======== Record set

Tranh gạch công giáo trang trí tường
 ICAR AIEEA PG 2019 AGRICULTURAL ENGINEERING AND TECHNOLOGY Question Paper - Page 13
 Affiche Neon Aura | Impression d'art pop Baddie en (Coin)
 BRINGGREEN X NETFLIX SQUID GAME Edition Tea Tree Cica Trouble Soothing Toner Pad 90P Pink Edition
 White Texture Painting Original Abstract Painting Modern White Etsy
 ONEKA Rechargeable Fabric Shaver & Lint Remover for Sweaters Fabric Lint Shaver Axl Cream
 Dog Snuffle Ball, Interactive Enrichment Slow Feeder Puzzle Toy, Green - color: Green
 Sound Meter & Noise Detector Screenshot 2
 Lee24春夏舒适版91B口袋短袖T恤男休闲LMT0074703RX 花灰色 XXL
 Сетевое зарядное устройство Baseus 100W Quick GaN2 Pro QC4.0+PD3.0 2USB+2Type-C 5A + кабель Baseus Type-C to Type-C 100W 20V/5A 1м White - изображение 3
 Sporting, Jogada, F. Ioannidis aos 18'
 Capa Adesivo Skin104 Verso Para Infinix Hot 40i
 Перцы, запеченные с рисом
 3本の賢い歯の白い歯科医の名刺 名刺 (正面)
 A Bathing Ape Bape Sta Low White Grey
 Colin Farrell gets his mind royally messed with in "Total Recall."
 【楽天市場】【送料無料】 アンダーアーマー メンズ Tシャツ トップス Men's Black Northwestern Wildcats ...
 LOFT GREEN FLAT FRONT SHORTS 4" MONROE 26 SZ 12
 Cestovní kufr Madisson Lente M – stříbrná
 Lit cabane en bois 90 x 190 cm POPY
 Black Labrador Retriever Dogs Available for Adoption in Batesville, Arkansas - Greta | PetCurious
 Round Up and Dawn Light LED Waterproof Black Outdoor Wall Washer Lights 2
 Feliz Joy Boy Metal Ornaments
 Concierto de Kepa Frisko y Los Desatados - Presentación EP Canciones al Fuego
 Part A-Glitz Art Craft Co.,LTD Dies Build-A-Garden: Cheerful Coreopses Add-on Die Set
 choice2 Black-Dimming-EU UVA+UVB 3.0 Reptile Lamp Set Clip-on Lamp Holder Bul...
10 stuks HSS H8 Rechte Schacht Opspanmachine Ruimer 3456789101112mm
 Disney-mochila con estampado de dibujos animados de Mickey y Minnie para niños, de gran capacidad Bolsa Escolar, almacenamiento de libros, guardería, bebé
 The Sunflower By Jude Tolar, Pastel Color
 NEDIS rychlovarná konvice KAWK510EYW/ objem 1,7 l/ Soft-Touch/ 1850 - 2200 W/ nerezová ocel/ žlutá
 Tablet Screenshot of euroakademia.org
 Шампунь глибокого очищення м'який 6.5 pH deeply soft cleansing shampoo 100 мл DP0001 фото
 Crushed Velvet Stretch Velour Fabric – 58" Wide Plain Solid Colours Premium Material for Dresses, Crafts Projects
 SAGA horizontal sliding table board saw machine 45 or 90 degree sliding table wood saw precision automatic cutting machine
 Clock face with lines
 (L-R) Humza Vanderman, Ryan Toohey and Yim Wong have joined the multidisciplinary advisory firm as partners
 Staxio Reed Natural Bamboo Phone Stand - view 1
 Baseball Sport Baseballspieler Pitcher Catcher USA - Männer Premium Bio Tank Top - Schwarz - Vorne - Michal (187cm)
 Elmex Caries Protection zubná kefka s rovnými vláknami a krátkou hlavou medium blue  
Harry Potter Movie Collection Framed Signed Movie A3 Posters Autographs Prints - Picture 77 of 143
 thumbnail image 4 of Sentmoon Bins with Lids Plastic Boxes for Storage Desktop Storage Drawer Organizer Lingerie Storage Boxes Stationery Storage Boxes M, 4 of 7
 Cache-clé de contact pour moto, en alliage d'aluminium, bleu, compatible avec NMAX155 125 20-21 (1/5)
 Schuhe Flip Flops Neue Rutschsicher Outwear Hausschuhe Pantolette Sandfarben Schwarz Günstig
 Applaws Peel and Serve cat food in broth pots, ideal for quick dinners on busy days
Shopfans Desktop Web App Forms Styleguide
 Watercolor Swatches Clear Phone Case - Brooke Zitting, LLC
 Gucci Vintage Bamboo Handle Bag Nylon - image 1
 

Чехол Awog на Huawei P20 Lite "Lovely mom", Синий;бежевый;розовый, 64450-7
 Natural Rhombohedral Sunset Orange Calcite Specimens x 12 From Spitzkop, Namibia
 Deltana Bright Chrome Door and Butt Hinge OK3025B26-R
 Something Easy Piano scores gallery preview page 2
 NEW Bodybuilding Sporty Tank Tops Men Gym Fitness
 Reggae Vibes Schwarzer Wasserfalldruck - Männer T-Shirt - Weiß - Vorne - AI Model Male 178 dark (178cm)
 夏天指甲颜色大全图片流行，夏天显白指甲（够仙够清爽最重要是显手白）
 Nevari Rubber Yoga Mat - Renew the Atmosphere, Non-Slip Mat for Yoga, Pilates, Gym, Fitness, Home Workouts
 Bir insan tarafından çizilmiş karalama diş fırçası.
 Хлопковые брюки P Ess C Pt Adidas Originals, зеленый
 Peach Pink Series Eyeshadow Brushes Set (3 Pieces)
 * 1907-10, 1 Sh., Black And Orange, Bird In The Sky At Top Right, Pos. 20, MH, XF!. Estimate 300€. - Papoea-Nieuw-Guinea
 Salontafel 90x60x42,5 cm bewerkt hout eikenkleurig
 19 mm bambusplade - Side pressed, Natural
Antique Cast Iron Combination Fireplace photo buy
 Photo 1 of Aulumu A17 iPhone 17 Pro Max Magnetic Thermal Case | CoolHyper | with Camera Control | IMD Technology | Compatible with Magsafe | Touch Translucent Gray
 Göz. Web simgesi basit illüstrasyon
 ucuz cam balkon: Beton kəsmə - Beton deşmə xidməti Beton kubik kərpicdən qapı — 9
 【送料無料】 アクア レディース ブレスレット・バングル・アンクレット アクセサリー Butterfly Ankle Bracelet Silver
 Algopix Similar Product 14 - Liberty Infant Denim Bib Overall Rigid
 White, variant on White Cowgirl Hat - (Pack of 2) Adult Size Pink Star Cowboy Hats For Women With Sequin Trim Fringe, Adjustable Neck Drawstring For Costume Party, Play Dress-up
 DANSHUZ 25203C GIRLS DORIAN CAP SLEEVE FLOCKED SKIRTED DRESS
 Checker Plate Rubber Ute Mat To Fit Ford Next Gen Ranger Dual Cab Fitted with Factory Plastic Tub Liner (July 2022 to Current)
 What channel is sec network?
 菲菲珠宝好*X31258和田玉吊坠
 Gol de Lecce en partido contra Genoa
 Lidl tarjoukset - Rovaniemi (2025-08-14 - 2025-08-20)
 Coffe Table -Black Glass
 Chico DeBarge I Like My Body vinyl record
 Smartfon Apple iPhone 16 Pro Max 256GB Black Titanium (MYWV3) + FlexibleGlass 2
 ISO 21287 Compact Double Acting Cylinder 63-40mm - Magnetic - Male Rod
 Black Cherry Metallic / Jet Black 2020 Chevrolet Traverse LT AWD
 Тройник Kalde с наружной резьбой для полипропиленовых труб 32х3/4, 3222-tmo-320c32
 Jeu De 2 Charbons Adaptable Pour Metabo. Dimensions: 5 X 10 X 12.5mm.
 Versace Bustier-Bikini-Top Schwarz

================

§ **To do**: Filter the lines above, keeping and copying those that contain "Touch".

§ **Exercise output**:
 NEDIS rychlovarná konvice KAWK510EYW/ objem 1,7 l/ Soft-Touch/ 1850 - 2200 W/ nerezová ocel/ žlutá
 Photo 1 of Aulumu A17 iPhone 17 Pro Max Magnetic Thermal Case | CoolHyper | with Camera Control | IMD Technology | Compatible with Magsafe | Touch Translucent Gray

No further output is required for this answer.